— Study material —

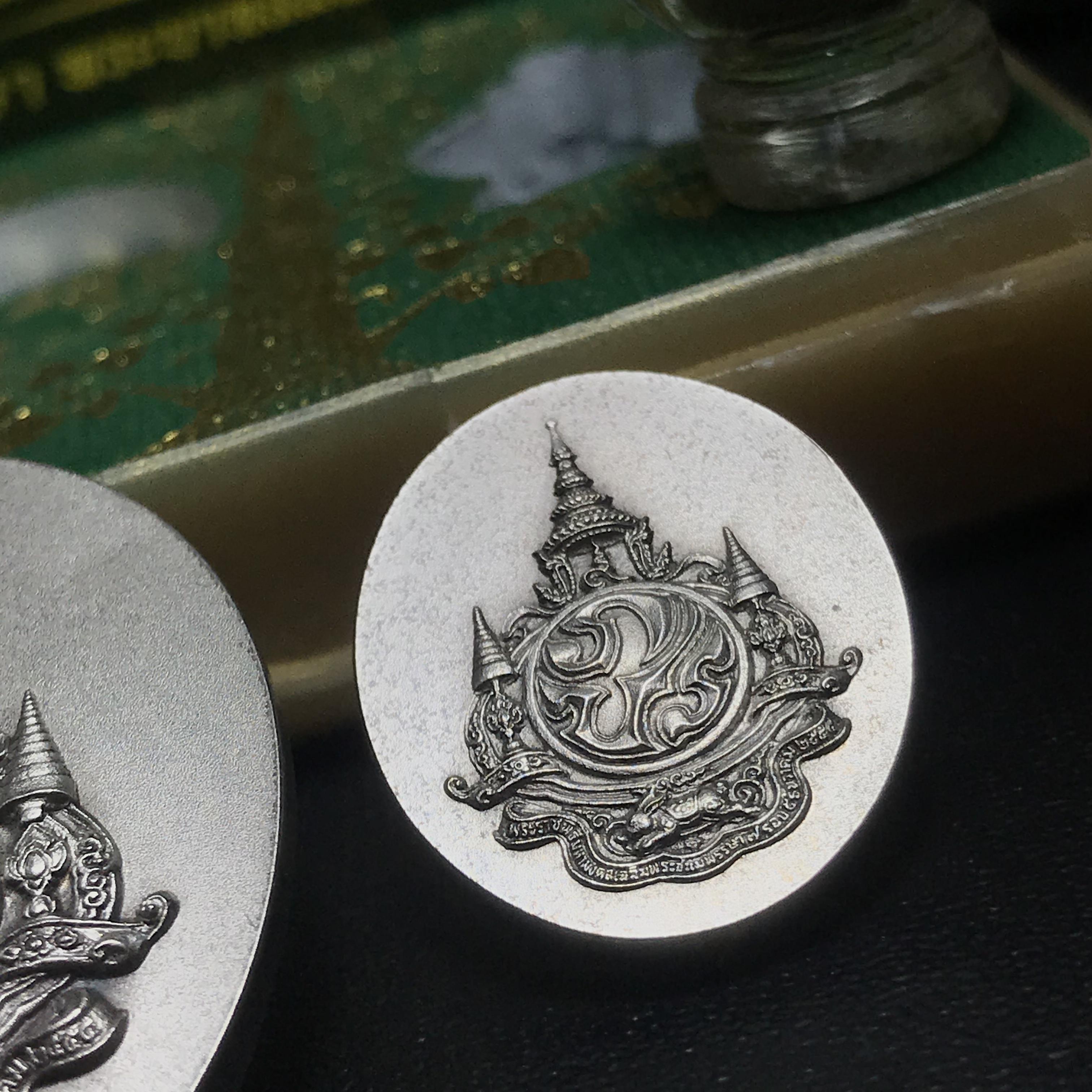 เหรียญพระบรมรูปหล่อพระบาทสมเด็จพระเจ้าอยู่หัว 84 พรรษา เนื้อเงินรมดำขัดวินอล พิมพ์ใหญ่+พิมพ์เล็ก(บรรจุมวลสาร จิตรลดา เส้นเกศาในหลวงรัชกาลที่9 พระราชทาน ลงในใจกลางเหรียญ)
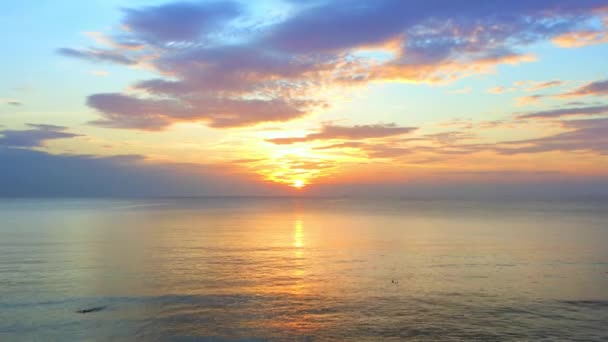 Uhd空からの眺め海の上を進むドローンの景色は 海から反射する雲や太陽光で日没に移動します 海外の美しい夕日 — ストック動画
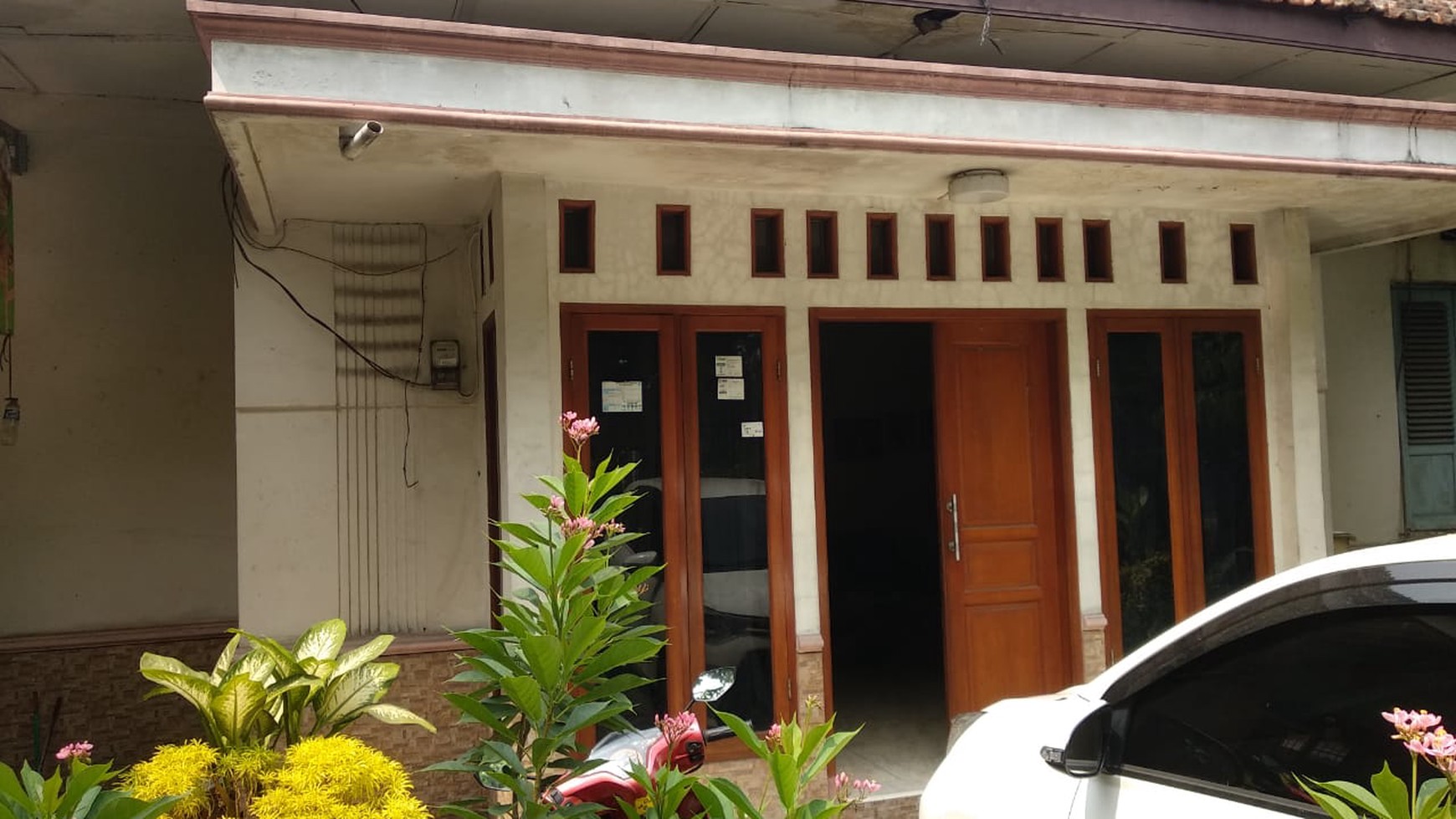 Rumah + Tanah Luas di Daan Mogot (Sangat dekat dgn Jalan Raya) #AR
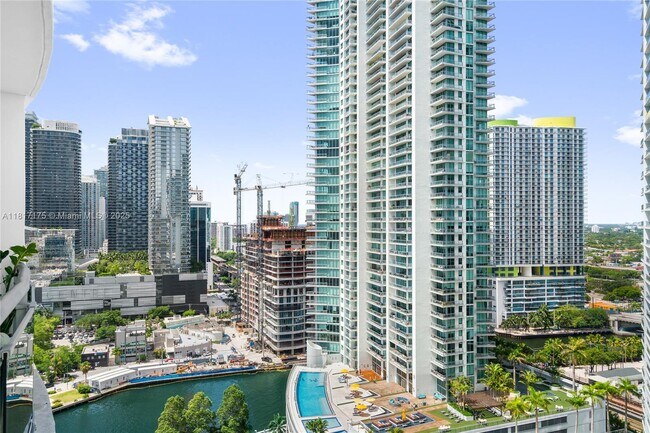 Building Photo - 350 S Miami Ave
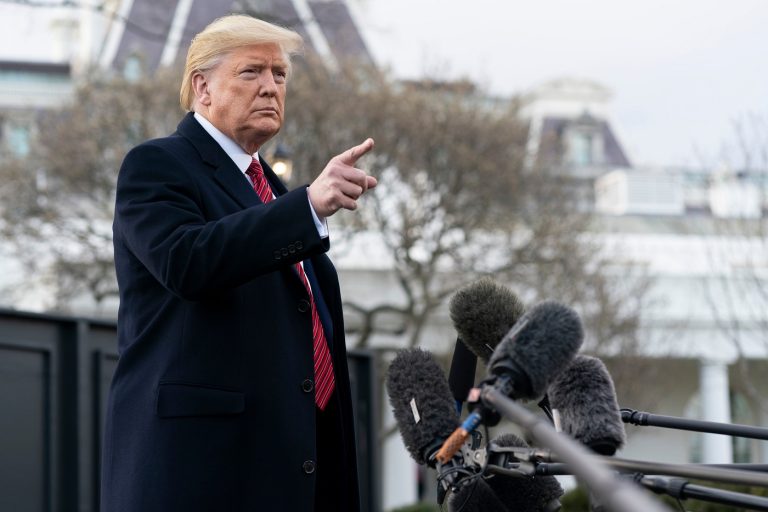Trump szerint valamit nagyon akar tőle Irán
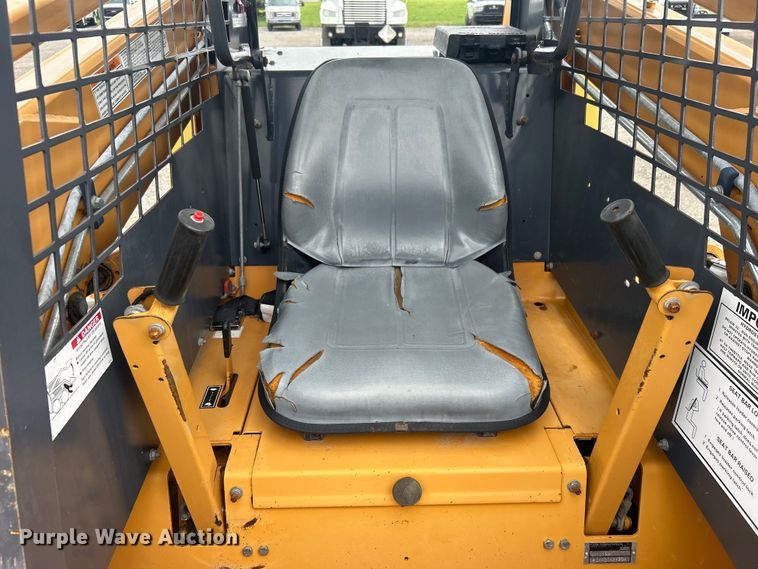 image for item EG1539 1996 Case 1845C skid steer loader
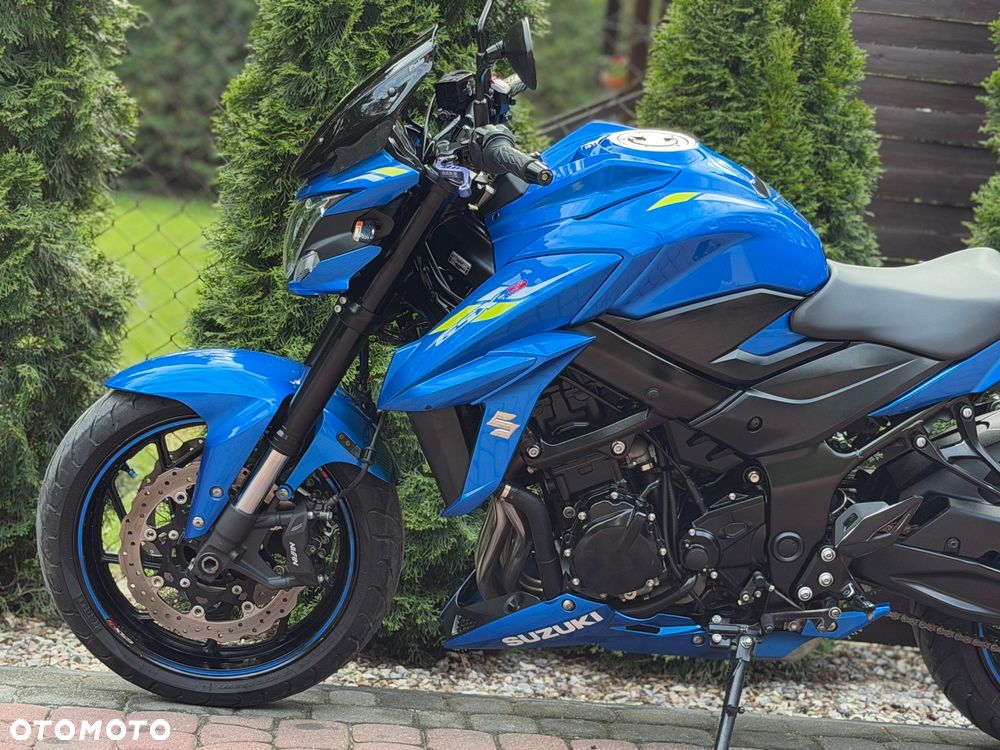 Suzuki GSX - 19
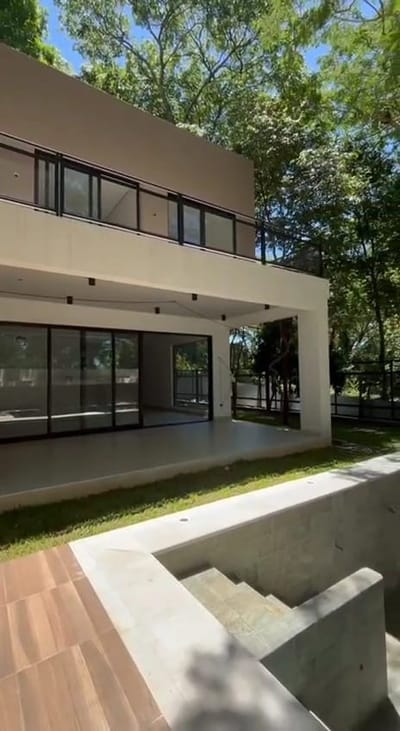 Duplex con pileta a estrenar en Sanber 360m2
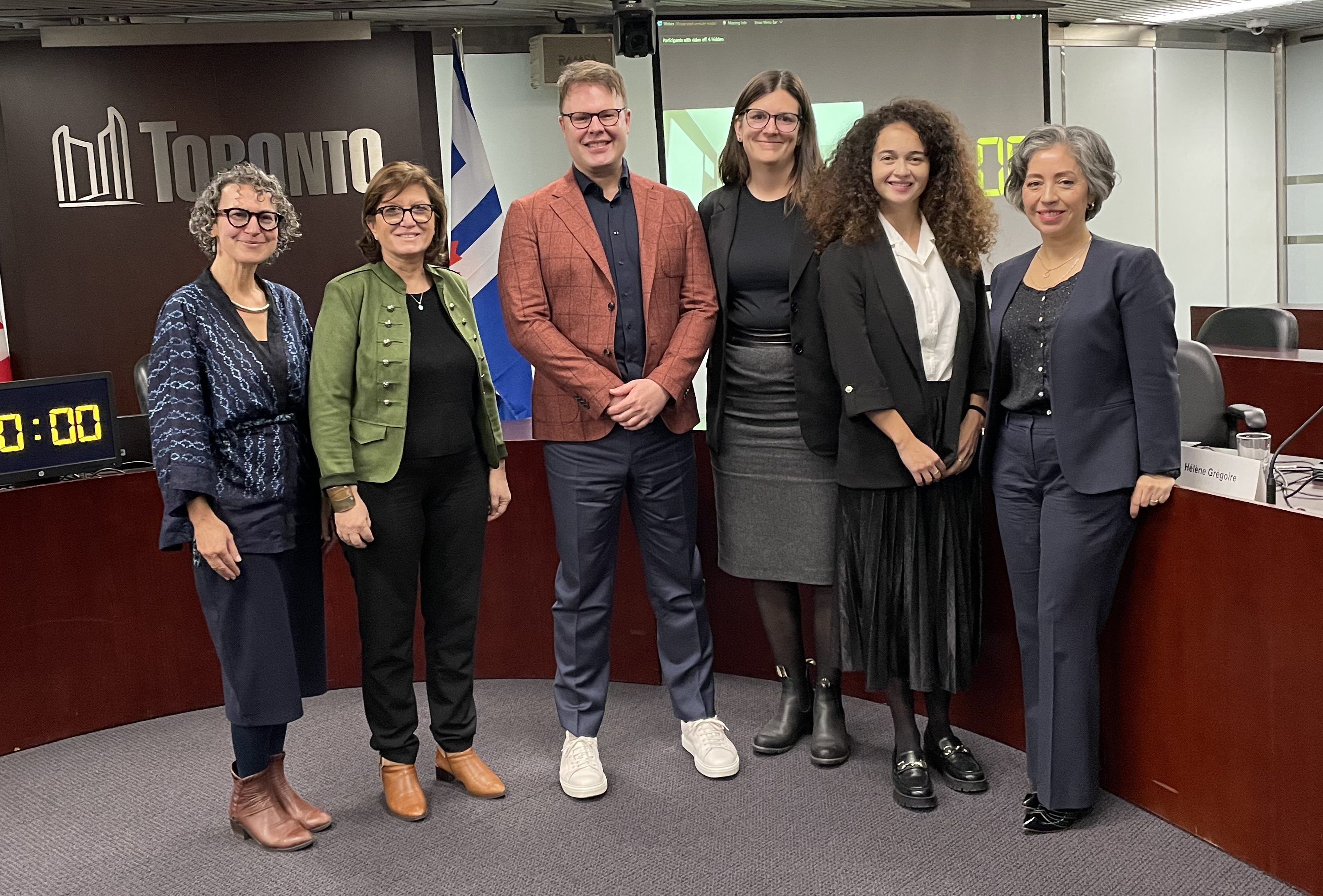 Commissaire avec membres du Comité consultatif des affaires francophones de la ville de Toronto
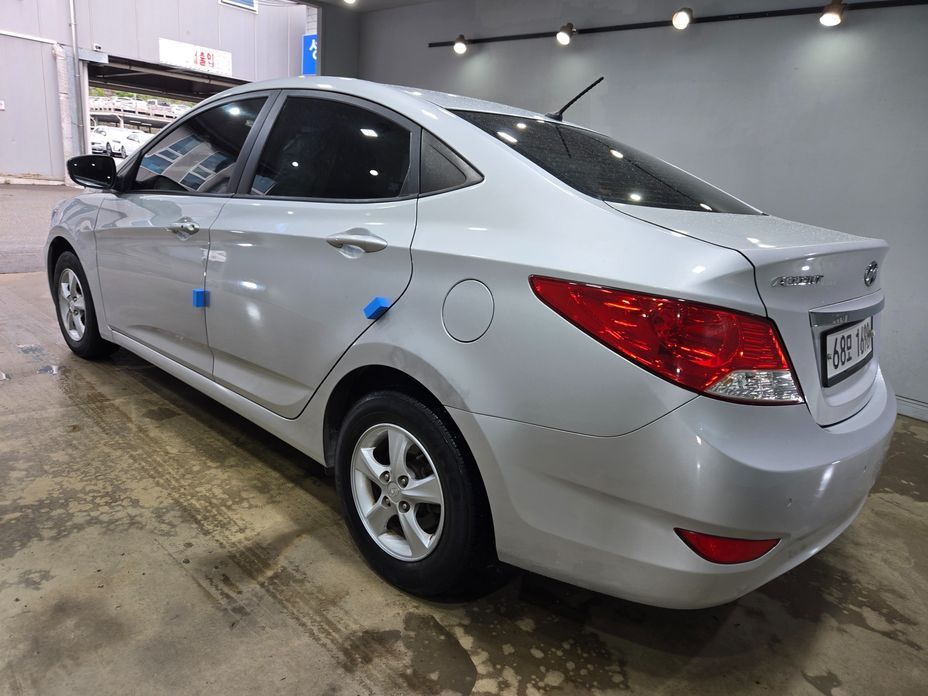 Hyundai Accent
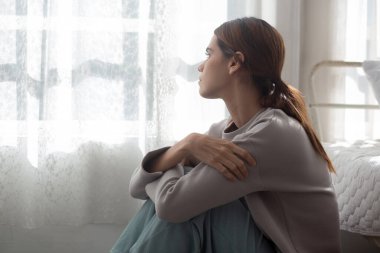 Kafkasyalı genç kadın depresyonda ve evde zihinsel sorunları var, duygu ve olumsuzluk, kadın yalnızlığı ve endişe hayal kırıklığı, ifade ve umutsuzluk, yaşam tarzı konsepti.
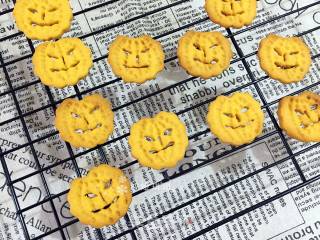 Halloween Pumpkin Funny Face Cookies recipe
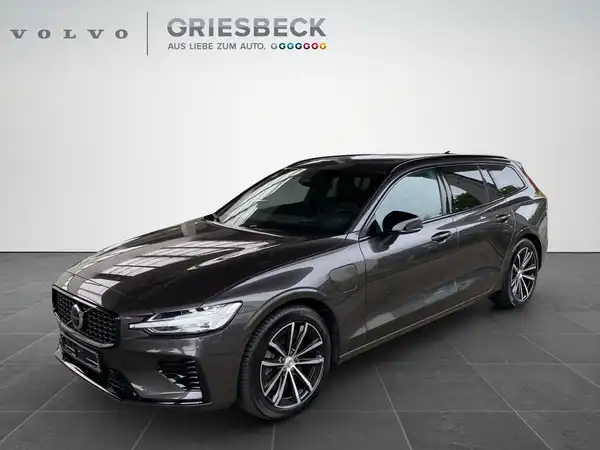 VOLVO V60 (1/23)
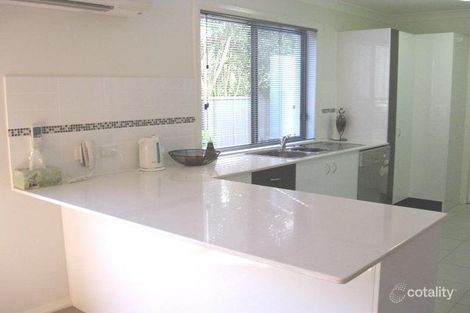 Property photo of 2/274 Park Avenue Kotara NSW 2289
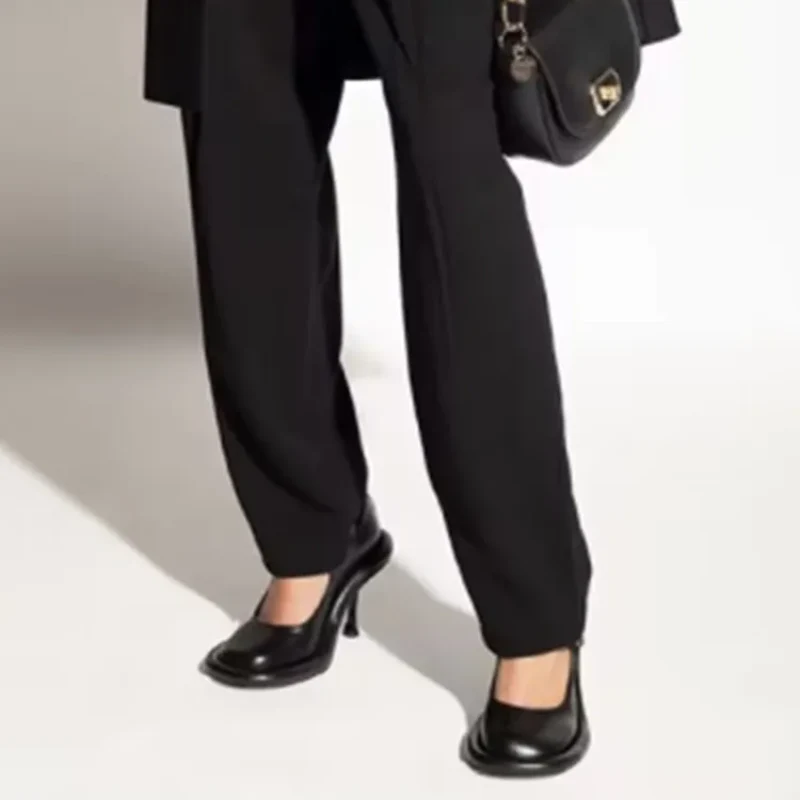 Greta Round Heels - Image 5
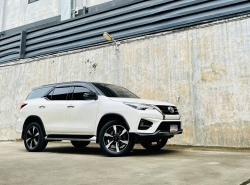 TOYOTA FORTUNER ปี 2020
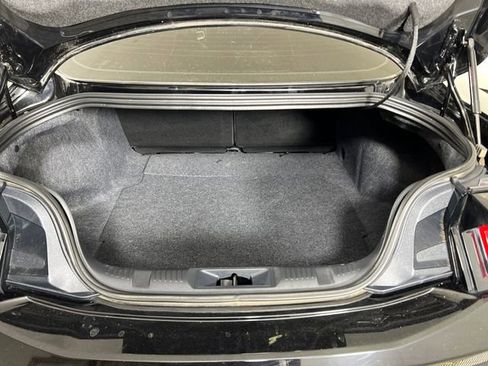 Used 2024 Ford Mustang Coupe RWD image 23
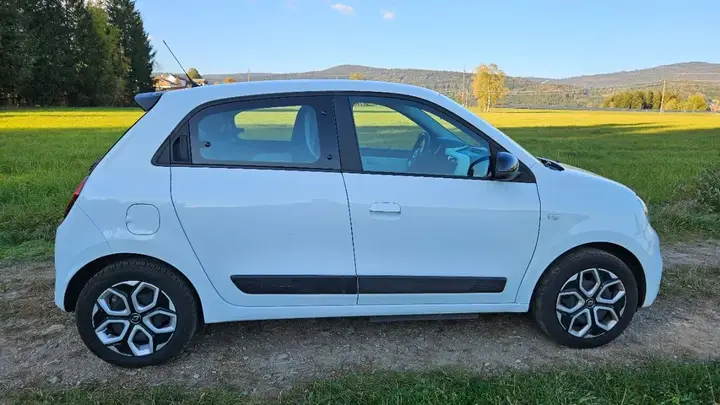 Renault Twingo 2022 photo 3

— Problem to solve —
Starting with the line that contains "Kafkasyalı genç kadın" and ending with the last line of the material, every line must be written out exactly; no other lines and no pictures are wanted.

— The answer —
 Kafkasyalı genç kadın depresyonda ve evde zihinsel sorunları var, duygu ve olumsuzluk, kadın yalnızlığı ve endişe hayal kırıklığı, ifade ve umutsuzluk, yaşam tarzı konsepti.
 Halloween Pumpkin Funny Face Cookies recipe
 VOLVO V60 (1/23)
 Property photo of 2/274 Park Avenue Kotara NSW 2289
 Greta Round Heels - Image 5
 TOYOTA FORTUNER ปี 2020
 Used 2024 Ford Mustang Coupe RWD image 23
 Renault Twingo 2022 photo 3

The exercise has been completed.